Neither is the Eleventh Amendment, according to Californian Zakariah LaFreniere. In his lawsuit against the entire Congress, LaFreniere asked the U.S. District Court in San Francisco to strike down one of the Constitution’s 27 corollaries because it conflicted with another section of the nation’s highest law.
In addition to striking down the amendment — a historically hot topic for scholars who question its limits on federal power — LaFreniere’s complaint requested a modest 30 percent share of the “total pecuniary damage” wreaked by the Eleventh. LaFreniere’s estimate of those fees: $90 million.
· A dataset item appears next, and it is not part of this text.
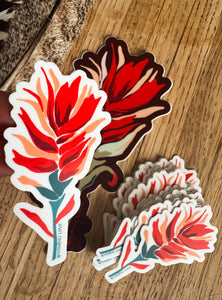 Small Indian Paintbrush Vinyl Sticker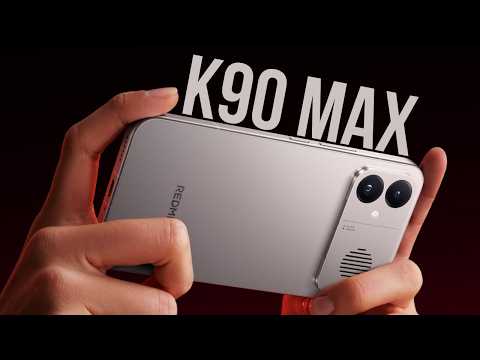 Redmi K90 Max First Look - THERE'S A COOLING FAN!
Unsurprisingly, LaFreniere’s case was closed in October after the Senate and House counsels’ offices joined forces for a three-part motion to dismiss. While suits as quirky as his seem unlikely to ever win a hearing, Ritchie said a few of the many lawsuits filed in past years against the Senate chaplain have slipped through the cracks.
“They file laws against the chaplain, saying it is violating the separation of church and state,” Ritchie said. “Most of the time judges will dismiss them, but every now and then it gets to a judge.”
Another rare successful case against a lawmaker came in 1960, when former Rep. Adam Clayton Powell Jr. (D-N.Y.) blasted a constituent on a New York City television show for alleged links to police corruption, calling the local voter a “bag woman” for organized crime. Though Powell had made similar comments on the House floor, protected by the speech and debate clause, his constituent sued Powell for slander based on the televised remarks and won her case.
Powell stayed out of his district for months to avoid receiving a subpoena or a penalty in the suit.